→ **WORK TO BE COMPLETED**: Carry none of the pictures over; write out the complete data exactly.

→ **STORED DATA**:
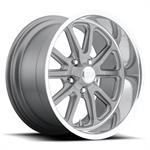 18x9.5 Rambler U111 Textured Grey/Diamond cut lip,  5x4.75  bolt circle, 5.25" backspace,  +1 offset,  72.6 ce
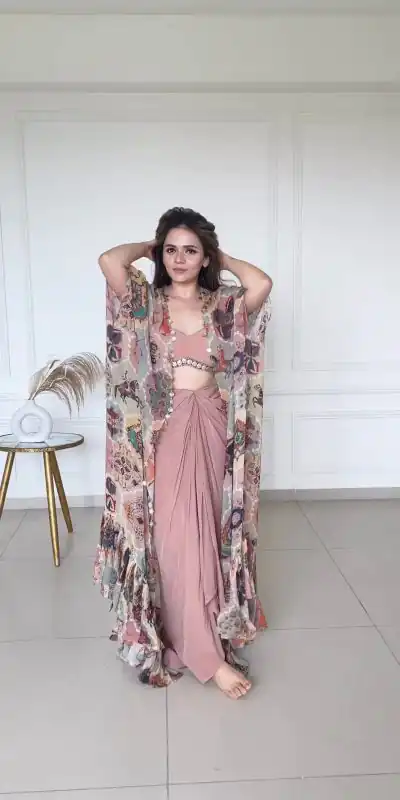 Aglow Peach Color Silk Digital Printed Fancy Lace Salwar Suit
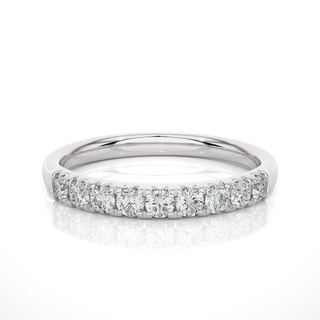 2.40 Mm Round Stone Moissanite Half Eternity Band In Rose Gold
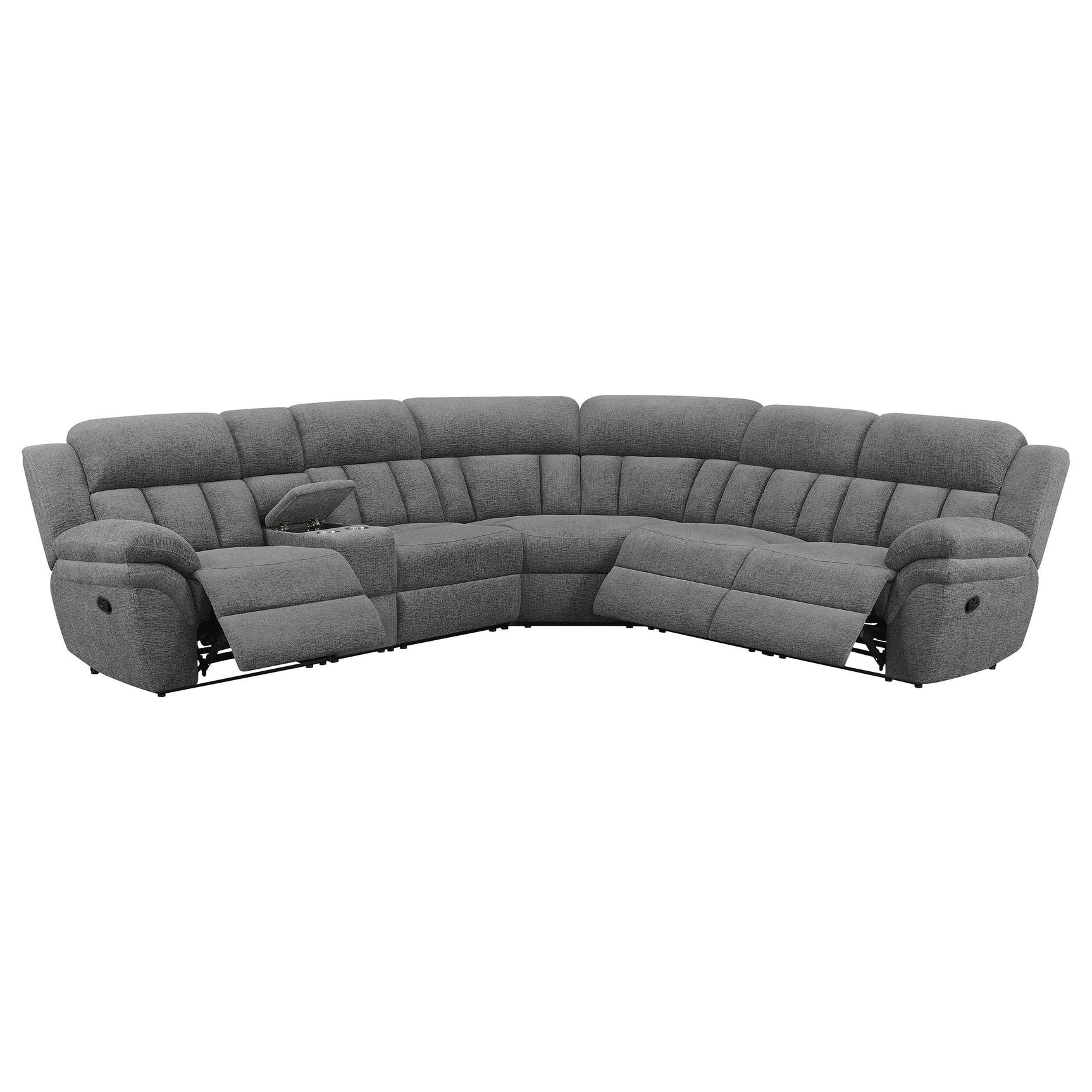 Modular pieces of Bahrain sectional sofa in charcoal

→ **RESPONSE AREA**:
 18x9.5 Rambler U111 Textured Grey/Diamond cut lip,  5x4.75  bolt circle, 5.25" backspace,  +1 offset,  72.6 ce
 Aglow Peach Color Silk Digital Printed Fancy Lace Salwar Suit
 2.40 Mm Round Stone Moissanite Half Eternity Band In Rose Gold
 Modular pieces of Bahrain sectional sofa in charcoal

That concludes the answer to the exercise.